Fraktionschef weist Vorwürfe zurück

Wennemuth: Bock sitzt im Glashaus

Bernd Wennemuth

Bad Hersfeld. Mit der Feststellung „Wer im Glashaus sitzt, sollte vorsichtig mit dem Schotter umgehen“, reagiert der Vorsitzende der Stadtverordnetenfraktion von SPD, Grünen und FWG, Bernd Wennemuth, auf die Forderung von NBL-Fraktionschef Michael Bock. Der hatte in einer Anfrage an den Magistrat die Offenlegung der Bezüge der Mitglieder in den Geschäftsführungen und Aufsichtsräten der städtischen Gesellschaften gefordert (unsere Zeitung berichtete).

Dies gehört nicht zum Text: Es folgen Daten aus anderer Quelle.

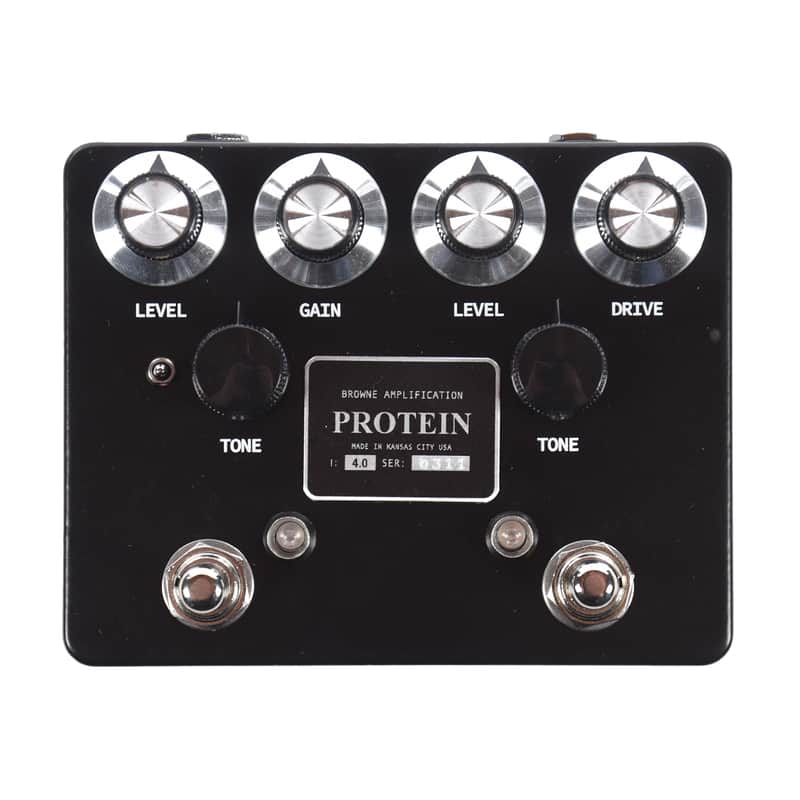 Browne Amplification Protein Dual Overdrive v4 Pedal Black image 1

„Herr Bock war von 1991 bis 1997 Kämmerer der Kreisstadt Bad Hersfeld. Für diese sechs Jahre Arbeit hat er bis 2012 Versorgungsbezüge von weit über 600 000 Euro erhalten,“ heißt es in einer Presseerklärung der Fraktion.

Jedem normalen Arbeitnehmer dürfte bei diesen Zahlen schwindlig werden, meint Wennemuth. Derselbe Herr Bock versuche nun, die ehrenamtlich Tätigen wegen 30 Euro Sitzungsgeld, das noch dazu versteuert werde zu diffamieren, beklagt der SPD-Politiker. „Nur Freiberufler wie Herr Bock und Selbständige können mehr als 30 Euro als Verdienstausfall geltend machen“, hält Wennemuth Bock vor.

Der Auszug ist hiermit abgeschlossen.